**What you will do**
Below are entries; repeat exactly, and nothing else, the lines from the one holding "2512 SE 9th St, Pompano Beach FL 33062" through the one holding "El 27 veces", inclusive. Leave the pictures out.

**Provided records**
■ ■ ■ ■
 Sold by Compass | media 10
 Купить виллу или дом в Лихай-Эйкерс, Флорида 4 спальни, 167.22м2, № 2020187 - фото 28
■ ■ ■ ■
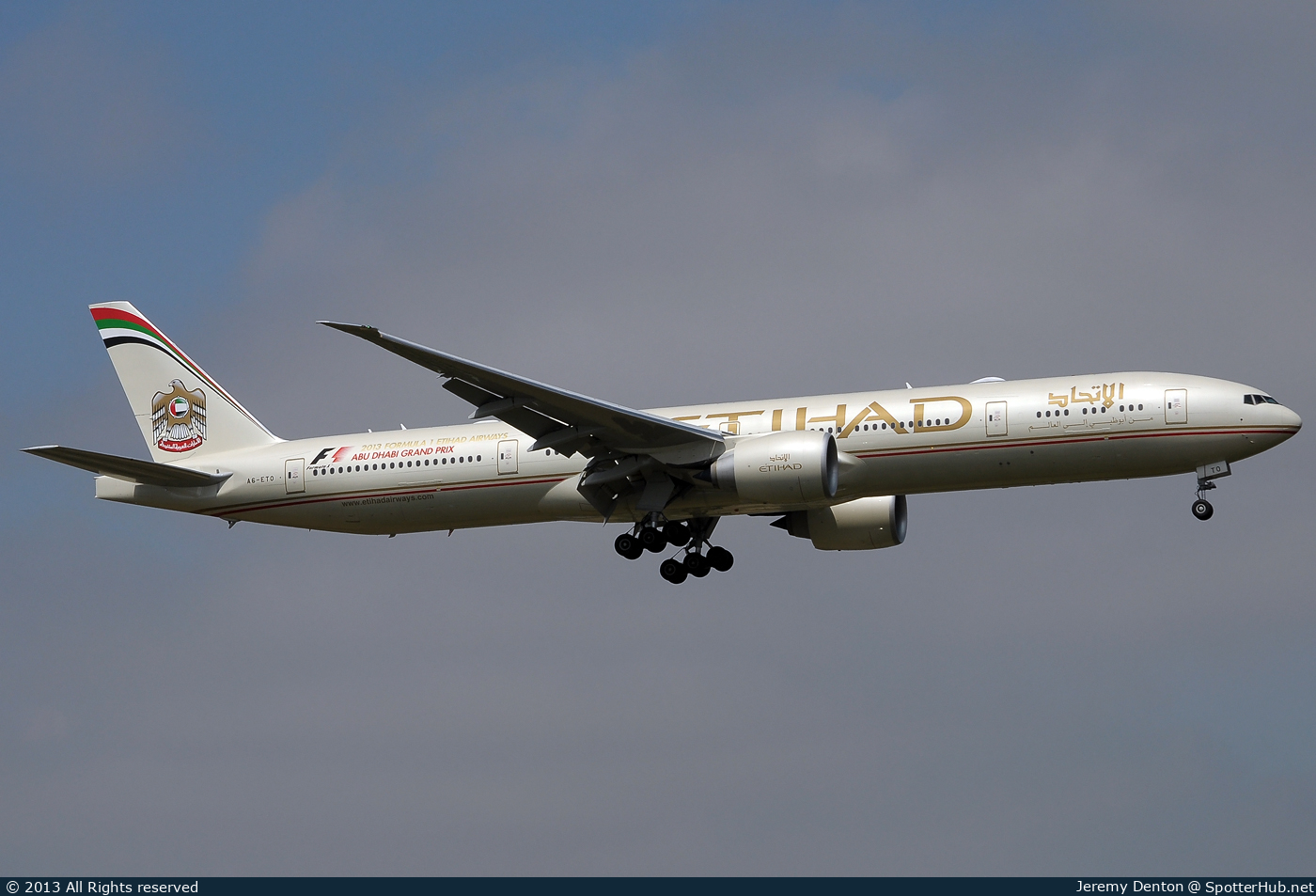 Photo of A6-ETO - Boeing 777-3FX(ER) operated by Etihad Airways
■ ■ ■ ■
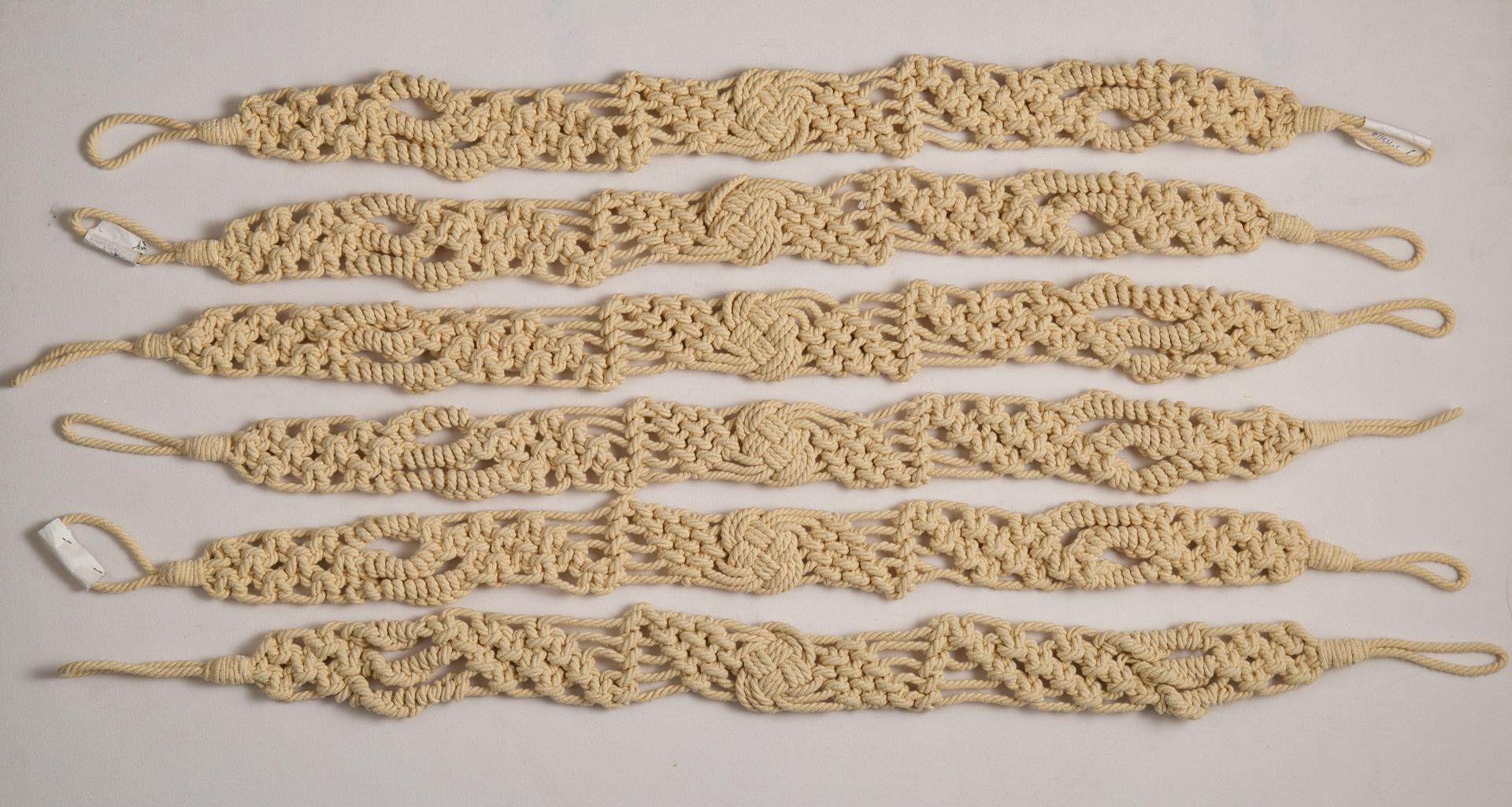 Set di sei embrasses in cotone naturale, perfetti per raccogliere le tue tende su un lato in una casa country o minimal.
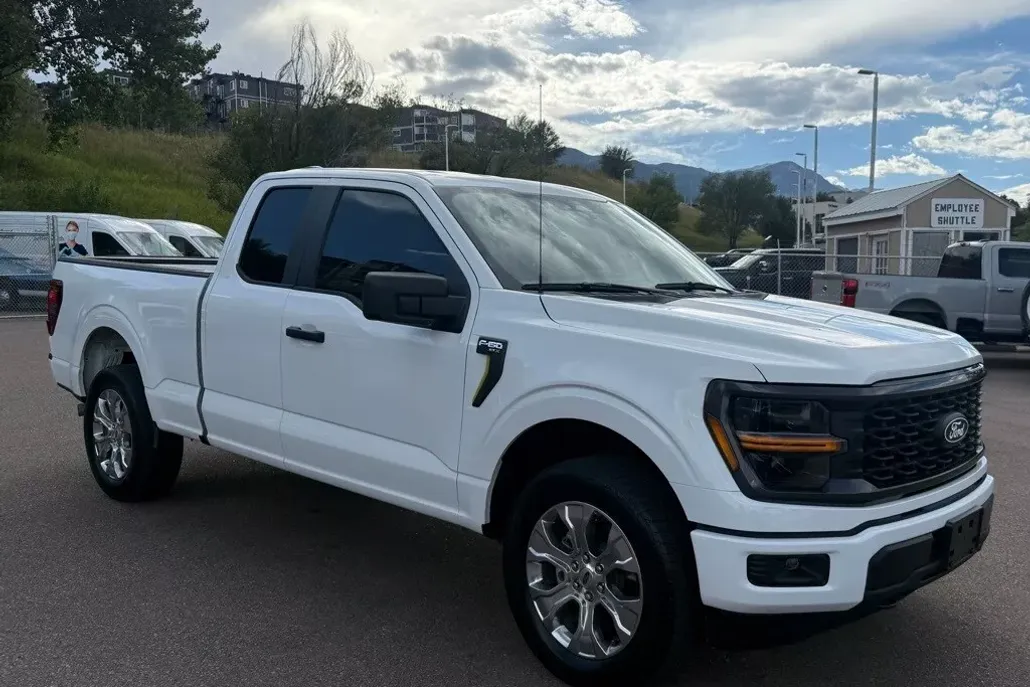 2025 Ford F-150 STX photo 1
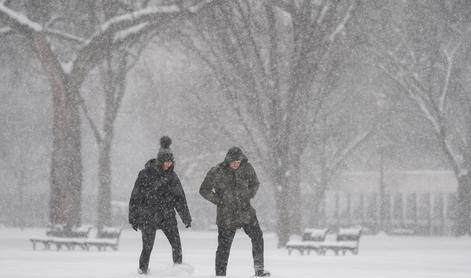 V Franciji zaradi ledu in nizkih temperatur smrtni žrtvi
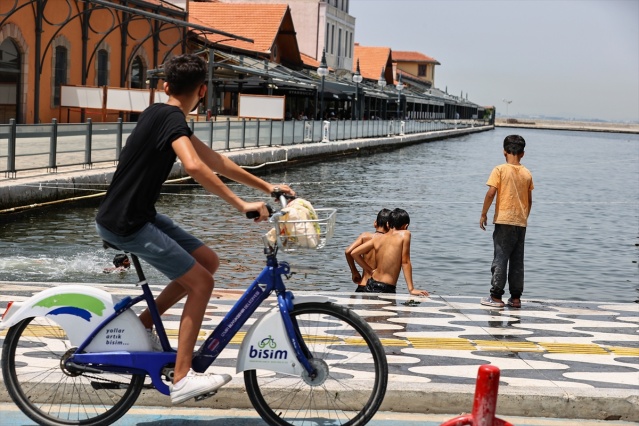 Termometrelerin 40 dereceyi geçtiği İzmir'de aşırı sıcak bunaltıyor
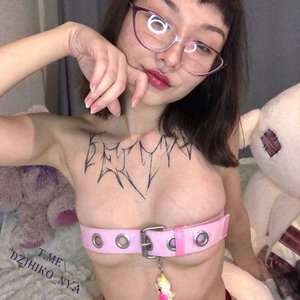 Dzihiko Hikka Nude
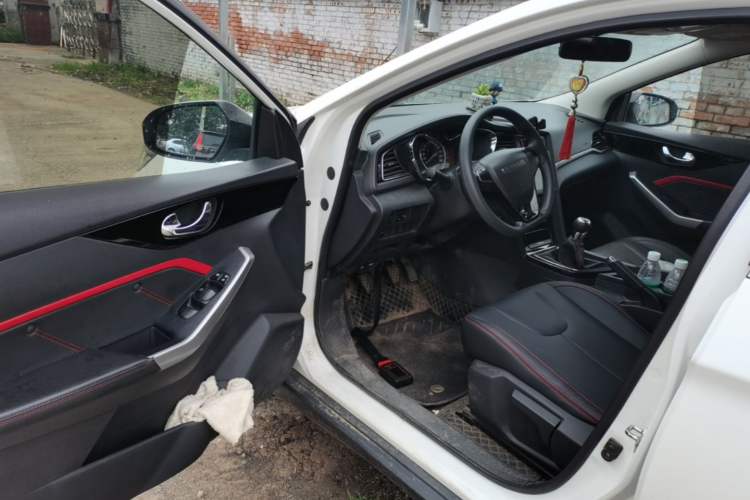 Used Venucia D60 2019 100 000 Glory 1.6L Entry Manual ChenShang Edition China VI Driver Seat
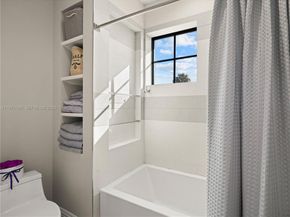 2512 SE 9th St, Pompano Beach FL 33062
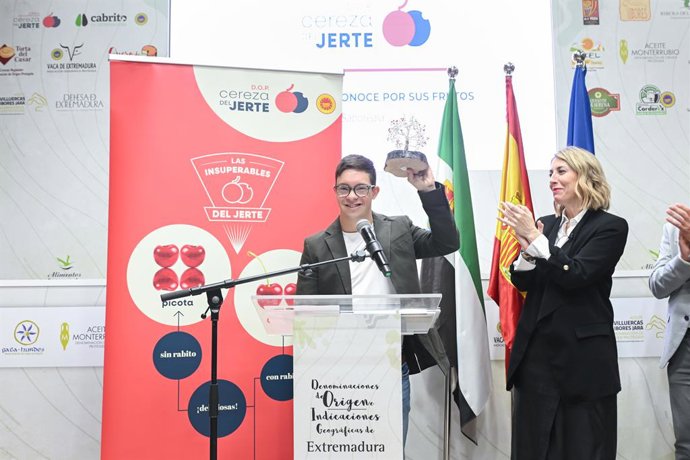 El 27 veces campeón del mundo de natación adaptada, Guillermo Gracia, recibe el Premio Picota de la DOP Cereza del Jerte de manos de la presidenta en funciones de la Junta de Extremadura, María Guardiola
■ ■ ■ ■
**Written response**
 2512 SE 9th St, Pompano Beach FL 33062
 El 27 veces campeón del mundo de natación adaptada, Guillermo Gracia, recibe el Premio Picota de la DOP Cereza del Jerte de manos de la presidenta en funciones de la Junta de Extremadura, María Guardiola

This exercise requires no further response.